━━━ MATERIAL FOR THIS EXERCISE

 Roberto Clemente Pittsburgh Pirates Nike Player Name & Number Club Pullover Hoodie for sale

━━━━━━
━━━ MATERIAL FOR THIS EXERCISE

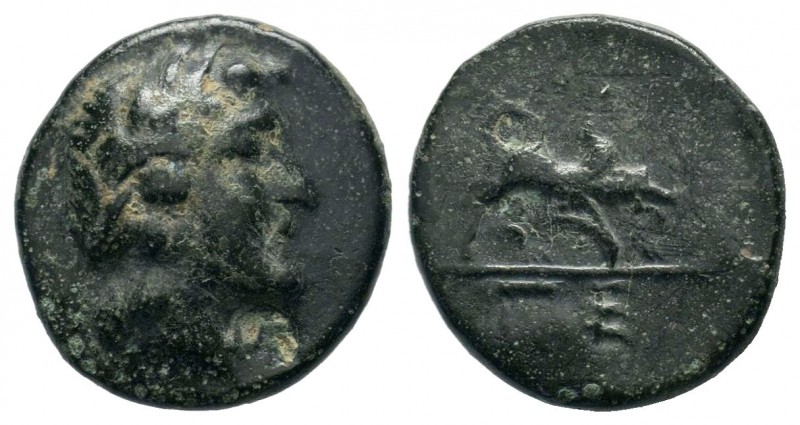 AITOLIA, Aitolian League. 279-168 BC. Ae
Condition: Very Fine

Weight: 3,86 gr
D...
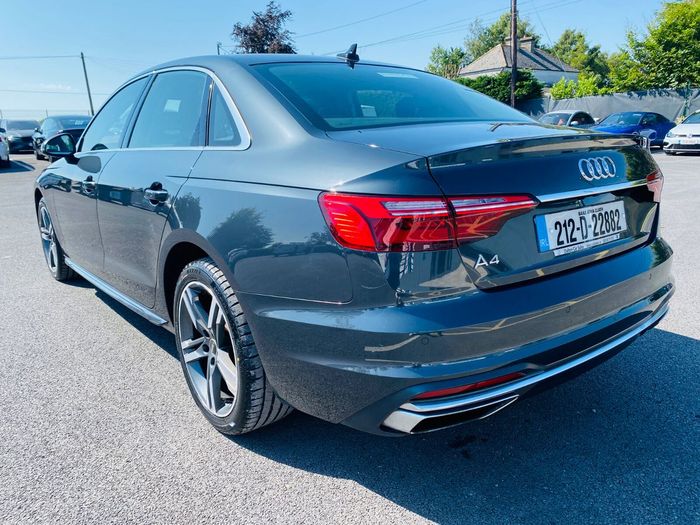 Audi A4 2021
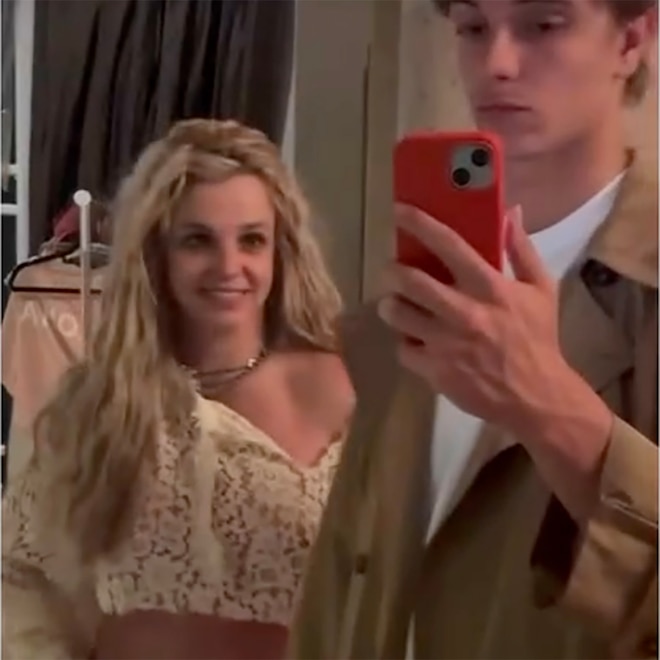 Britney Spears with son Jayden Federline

━━━━━━
━━━ MATERIAL FOR THIS EXERCISE

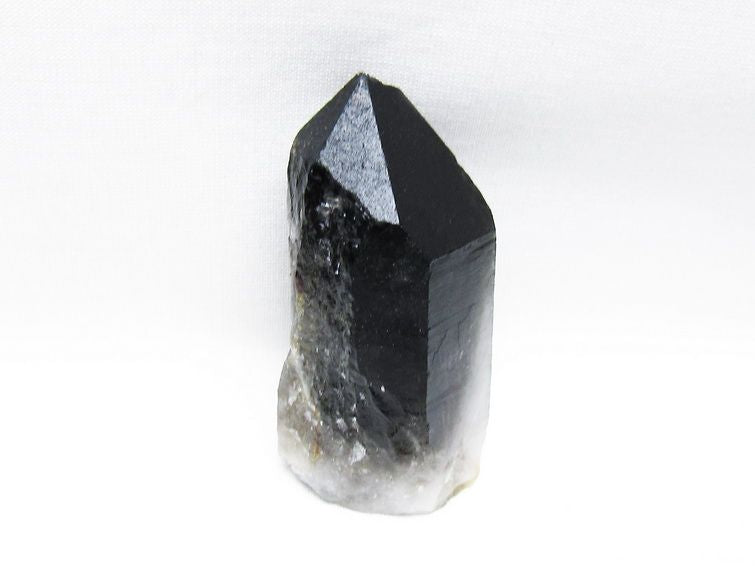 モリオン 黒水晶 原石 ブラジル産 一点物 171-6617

━━━━━━

• REQUIREMENT:
Nothing but the lines from the one containing "AITOLIA, Aitolian League. 279-168 BC. Ae" through the one containing "Britney Spears with son Jayden Federline" should appear, copied exactly from the material above and without pictures.

• YOUR SOLUTION:
 AITOLIA, Aitolian League. 279-168 BC. Ae
Condition: Very Fine

Weight: 3,86 gr
D...
 Audi A4 2021
 Britney Spears with son Jayden Federline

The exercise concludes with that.